| Regime da sopa
Por Vlad Suato*
Veja se há alguma possibilidade dessa história ter um bom
final!
Nos últimos dias de trabalho antes das férias, visitei meu
oftalmologista. Fiquei surpreso quando ele disse que tenho
olhos de piloto de caça e que por isso poderia aposentar
meus queridos e sonhados óculos. Sonhados porque quando
criança sempre quis usá-los.
Naquele instante, na frente do médico, como num ato
reverencial, peguei o estojo e guardei meu transmissor HD de
imagens. Acreditava ser pra sempre.
Focado nas mudanças do porvir, ao entrar em férias, assumi
que finalmente faria o esperado regime. Teria de perder uns
cinco ou seis quilinhos para que a pressão arterial me desse
sossego. Foi então que tive a nada original idéia de fazer o
regime da sopa divulgado no site da Ana Maria Braga. Vá
imaginando...
O regime promete emagrecimento de três quilos ou mais em uma
semana de sopa e outros acompanhamentos. No domingo me
resignei e decidi que a semana vindoura seria de mudança
total da minha circunferência abdominal. Dirigi-me, a
marchar, a um hipermercado.
Em meio a tantas guloseimas, rumei ao setor “hortifruti”. A
procura era incessante ao “delicioso” salsão, nabo, repolho,
berinjela... Enfim, coisas saudades e muito saborosas.

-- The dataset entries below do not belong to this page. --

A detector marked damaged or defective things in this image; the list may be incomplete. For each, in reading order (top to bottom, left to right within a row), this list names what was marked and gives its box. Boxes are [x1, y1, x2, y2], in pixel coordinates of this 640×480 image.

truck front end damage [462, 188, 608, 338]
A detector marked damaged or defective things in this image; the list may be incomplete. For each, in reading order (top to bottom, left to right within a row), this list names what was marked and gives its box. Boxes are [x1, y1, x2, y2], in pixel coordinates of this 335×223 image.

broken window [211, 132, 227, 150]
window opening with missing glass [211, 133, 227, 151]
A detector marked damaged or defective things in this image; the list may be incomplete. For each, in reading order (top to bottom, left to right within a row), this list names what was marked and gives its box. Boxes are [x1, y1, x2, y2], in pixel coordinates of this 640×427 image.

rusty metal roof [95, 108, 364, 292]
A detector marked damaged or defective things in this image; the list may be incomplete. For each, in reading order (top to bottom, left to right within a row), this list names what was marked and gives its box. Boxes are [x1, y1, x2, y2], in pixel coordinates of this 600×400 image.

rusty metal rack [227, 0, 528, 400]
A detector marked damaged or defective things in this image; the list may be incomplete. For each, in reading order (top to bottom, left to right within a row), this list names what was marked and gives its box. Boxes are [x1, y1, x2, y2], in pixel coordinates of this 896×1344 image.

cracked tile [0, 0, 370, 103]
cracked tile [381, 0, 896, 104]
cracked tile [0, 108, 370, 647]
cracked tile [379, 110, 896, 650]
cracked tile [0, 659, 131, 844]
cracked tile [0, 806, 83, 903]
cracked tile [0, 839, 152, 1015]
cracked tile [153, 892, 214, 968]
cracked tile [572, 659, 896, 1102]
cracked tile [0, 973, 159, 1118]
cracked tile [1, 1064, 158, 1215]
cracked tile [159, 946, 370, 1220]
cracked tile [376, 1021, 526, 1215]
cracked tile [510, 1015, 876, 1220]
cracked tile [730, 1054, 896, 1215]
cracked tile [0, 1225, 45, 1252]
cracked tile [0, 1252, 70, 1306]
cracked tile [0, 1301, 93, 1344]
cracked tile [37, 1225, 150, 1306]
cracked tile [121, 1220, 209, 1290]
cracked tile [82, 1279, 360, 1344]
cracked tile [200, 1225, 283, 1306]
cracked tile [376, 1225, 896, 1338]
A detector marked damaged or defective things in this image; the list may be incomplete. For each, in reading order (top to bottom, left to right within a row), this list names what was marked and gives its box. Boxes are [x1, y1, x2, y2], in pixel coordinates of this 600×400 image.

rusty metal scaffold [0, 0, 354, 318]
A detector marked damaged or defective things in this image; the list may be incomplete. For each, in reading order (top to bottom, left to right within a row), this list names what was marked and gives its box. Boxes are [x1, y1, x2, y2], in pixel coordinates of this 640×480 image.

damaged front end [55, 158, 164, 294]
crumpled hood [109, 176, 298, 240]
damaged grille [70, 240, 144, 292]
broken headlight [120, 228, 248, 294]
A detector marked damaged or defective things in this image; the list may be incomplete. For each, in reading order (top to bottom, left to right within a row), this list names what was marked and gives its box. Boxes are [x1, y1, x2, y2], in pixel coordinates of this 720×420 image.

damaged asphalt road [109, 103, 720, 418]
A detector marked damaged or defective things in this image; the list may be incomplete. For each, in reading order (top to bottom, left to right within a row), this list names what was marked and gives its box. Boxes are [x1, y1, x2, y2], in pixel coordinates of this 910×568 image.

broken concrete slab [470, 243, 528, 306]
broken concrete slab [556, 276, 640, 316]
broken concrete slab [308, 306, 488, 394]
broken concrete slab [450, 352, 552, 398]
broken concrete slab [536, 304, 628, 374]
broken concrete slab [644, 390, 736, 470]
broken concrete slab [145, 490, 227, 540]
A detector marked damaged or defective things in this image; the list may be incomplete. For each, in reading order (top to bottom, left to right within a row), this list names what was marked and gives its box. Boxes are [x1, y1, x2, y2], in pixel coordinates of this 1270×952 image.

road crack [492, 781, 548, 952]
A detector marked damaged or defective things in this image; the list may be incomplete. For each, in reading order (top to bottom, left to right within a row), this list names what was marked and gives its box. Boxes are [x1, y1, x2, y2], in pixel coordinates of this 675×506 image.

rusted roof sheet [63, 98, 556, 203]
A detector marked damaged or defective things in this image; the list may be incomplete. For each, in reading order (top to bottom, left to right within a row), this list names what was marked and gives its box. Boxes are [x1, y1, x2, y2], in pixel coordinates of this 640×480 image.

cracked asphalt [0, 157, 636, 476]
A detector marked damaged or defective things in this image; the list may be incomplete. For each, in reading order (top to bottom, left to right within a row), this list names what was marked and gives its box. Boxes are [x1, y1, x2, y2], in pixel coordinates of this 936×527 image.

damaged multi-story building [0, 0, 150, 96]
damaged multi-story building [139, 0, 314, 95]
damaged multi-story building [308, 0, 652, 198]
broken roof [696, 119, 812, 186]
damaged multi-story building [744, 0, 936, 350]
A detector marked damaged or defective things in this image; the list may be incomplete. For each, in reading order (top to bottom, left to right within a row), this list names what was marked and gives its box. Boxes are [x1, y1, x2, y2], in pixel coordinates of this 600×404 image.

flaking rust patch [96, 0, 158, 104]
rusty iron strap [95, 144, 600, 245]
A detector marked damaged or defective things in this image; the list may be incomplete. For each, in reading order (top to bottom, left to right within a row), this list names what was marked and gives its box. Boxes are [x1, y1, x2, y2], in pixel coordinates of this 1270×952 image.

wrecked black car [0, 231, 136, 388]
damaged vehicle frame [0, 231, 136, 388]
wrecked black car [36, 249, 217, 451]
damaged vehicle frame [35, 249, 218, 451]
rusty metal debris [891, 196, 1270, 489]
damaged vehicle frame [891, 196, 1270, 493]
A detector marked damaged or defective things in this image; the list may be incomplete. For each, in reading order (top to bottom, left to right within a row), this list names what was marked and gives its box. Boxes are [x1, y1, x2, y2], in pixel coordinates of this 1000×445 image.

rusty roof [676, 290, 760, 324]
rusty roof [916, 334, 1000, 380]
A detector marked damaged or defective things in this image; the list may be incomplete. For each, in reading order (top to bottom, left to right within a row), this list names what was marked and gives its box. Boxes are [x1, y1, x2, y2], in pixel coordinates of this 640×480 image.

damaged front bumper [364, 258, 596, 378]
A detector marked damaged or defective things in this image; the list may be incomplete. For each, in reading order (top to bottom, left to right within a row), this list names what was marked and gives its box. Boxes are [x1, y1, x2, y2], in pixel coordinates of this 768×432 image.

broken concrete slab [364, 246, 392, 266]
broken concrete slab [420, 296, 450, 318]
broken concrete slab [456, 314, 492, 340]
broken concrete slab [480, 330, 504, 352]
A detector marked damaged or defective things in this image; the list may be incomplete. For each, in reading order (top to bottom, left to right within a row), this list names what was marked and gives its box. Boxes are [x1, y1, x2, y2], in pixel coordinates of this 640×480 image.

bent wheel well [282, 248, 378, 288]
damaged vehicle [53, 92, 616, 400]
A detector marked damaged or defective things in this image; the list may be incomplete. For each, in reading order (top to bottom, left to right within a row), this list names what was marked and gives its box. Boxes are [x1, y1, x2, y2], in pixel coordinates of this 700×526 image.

Após colher vários ingredientes, percebi que naquele local
não havia nabo nem sequer o imprescindível salsão. Quase
sucumbi aos obstáculos e fui ao setor de embutidos. No
entanto, a voz da hipertensão falou aos meus ouvidos,
zunindo, e discretamente devolvi aqueles alimentos e
procurei novo mercado.
Noutro estabelecimento, fiz nova colheita e, mais uma vez,
faltou-me o nabo. Pensei com meus botões que era um sinal,
mas resisti novamente. Comprei aqueles ingredientes e no dia
seguinte, muito ansioso fui à quitanda à procura do nabo.
“Não é tempo de nabo, por isso não está encontrando”.
“Então, onde eu poderia ‘estar encontrando’?”
Sem resposta fiquei.
Entreguei-me ao sacrifício. Naquele primeiro dia foi só
sopa, melancia e melão.
Aos poucos, uma dorzinha de cabeça começou a perturbar-me.
Mas isso não era nada para tanta dedicação.
A par da sopa, resolvi abraçar os exercícios físicos.
Nas proximidades da minha residência há um bosque, feito um
micro zoológico. Instalei o marcador de batimentos cardíacos
e segui minha séria marcha para aquele local.
“Hoje se vão uns dois quilos!”
Zoológico fechado. Seria outro sinal?
Pra não perder a viagem, dei uma volta ao redor do bosque e
voltei suando, quase desidratado, para meu querido lar.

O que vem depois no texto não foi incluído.